Which graph represents the solutions to this inequality: 5n−3<3(n+1)
To solve the inequality, we can simplify both sides first:
5n - 3 < 3(n + 1)
5n - 3 < 3n + 3
Next, we can isolate the terms with n on one side of the inequality:
5n - 3 - 3n < 3
2n - 3 < 3
Then, we can add 3 to both sides:
2n - 3 + 3 < 3 + 3
2n < 6
Finally, we can divide both sides by 2:
2n / 2 < 6 / 2
n < 3
Therefore, the solutions to the inequality are n < 3. The graph representing this inequality would be an open circle at 3 on the number line with an arrow pointing to the left, indicating that any value less than 3 would be a solution.
To determine which graph represents the solutions to the inequality 5n - 3 < 3(n+1), we can start by simplifying the inequality:
5n - 3 < 3n + 3
Next, let's move all the terms involving 'n' to one side of the inequality:
5n - 3n < 3 + 3
2n < 6
Now, we can divide both sides of the inequality by 2 to solve for 'n':
n < 3
So, the solutions to the inequality are all values of 'n' that are less than 3.

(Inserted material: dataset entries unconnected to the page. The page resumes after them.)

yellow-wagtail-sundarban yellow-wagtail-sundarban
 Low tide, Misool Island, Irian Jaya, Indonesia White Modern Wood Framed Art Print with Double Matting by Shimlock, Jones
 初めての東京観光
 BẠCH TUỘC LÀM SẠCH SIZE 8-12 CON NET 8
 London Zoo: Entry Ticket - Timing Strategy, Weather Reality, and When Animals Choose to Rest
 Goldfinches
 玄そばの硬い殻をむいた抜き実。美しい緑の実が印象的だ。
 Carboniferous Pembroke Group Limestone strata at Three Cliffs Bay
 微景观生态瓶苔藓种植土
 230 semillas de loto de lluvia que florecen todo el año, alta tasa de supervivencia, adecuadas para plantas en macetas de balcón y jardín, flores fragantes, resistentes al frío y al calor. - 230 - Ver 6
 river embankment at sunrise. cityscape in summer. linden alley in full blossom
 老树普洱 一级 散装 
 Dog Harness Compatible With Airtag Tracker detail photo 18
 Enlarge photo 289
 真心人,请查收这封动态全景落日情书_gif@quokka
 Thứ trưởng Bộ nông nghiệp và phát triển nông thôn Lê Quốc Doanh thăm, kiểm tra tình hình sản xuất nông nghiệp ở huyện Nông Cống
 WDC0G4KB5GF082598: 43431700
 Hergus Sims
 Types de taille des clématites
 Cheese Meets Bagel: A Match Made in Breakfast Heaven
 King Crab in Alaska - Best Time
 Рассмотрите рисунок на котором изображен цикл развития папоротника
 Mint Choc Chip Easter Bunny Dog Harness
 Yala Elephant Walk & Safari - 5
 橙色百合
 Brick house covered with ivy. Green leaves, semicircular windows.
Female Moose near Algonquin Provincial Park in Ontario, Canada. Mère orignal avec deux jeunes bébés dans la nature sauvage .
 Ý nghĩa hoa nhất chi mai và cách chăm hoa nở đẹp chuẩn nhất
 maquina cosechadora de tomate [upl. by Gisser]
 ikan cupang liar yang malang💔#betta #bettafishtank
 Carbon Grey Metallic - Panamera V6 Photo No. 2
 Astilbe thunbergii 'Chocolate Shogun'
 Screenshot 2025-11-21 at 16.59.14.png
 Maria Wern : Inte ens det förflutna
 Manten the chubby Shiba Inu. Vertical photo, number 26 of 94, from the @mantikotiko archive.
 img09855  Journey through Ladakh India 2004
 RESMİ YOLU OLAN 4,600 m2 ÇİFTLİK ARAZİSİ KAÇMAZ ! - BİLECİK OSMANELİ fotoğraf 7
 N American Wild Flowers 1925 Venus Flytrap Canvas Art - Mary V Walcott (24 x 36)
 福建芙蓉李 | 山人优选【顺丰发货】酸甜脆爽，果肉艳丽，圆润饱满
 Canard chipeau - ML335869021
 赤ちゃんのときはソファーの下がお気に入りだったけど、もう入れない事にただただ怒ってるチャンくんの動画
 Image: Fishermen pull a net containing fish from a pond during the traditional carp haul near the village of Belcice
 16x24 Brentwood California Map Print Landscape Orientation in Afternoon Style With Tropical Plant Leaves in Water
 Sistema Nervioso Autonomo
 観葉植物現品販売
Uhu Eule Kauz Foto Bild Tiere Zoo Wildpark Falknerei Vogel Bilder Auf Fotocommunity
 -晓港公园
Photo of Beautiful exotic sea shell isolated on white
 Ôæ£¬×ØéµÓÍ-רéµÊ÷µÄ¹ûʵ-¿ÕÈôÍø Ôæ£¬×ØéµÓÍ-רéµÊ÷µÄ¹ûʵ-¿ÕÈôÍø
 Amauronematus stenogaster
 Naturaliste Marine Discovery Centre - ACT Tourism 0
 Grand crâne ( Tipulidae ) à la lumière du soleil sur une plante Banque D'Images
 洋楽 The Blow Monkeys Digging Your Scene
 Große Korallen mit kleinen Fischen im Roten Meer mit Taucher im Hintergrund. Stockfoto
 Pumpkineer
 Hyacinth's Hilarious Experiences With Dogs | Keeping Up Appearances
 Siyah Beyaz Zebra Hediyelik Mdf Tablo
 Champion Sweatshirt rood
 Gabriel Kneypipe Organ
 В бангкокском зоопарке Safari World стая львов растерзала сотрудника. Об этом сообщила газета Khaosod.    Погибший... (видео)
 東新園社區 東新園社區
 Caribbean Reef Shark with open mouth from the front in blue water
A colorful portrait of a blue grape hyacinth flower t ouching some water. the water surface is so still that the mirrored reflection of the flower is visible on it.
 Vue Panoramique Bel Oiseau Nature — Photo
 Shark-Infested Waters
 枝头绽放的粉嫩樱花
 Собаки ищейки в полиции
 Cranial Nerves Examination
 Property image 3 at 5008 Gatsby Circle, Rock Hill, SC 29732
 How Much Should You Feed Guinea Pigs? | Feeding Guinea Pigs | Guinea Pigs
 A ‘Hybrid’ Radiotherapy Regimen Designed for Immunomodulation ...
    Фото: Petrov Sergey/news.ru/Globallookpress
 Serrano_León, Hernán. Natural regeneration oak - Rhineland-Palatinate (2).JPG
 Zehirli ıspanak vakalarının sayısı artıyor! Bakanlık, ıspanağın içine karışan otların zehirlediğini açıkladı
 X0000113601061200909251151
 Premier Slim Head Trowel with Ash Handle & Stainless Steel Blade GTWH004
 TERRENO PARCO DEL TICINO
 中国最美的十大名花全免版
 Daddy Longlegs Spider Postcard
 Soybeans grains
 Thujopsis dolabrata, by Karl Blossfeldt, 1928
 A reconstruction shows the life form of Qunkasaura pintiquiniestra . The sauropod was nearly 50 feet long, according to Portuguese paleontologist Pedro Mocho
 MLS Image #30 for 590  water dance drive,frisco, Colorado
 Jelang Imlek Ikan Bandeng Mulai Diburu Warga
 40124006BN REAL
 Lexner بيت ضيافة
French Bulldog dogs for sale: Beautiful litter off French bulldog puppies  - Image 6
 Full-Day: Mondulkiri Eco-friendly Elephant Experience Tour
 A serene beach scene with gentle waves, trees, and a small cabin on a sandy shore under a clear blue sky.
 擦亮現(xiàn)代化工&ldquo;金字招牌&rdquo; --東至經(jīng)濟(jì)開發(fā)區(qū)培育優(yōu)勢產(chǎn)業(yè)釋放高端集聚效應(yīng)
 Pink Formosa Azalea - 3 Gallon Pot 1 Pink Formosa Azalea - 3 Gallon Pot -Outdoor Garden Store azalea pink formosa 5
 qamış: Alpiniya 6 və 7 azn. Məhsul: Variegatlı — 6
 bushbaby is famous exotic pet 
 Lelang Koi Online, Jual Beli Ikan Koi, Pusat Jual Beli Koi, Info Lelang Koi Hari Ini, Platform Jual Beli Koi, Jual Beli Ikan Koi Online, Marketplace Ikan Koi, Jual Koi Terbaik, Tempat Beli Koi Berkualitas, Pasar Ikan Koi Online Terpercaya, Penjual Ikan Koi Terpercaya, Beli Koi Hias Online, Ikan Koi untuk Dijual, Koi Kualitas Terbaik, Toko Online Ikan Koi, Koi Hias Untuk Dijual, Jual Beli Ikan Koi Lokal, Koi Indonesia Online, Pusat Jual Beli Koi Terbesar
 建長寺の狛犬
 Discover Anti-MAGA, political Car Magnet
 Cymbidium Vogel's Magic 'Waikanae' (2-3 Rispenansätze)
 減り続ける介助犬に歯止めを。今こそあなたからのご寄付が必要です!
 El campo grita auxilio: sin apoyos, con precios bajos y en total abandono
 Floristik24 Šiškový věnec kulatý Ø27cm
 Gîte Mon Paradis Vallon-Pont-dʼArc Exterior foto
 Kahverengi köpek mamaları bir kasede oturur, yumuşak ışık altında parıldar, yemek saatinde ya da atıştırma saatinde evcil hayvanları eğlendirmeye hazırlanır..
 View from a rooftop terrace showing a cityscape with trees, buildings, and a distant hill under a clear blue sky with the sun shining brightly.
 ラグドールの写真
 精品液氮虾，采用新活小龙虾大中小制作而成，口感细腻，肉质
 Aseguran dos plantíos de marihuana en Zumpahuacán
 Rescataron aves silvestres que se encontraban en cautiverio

Now, let's see which graph represents this inequality. Since the inequality is "less than", the graph would be represented by an open circle on 3 and then shading to the left of 3.
Here is a visual representation of the graph:
-----o-------------->
-3 0 3 6 9 12
The open circle represents the point 3, and the shaded portion to the left of 3 represents the solutions to the inequality.
I hope this helps! Let me know if you have any further questions.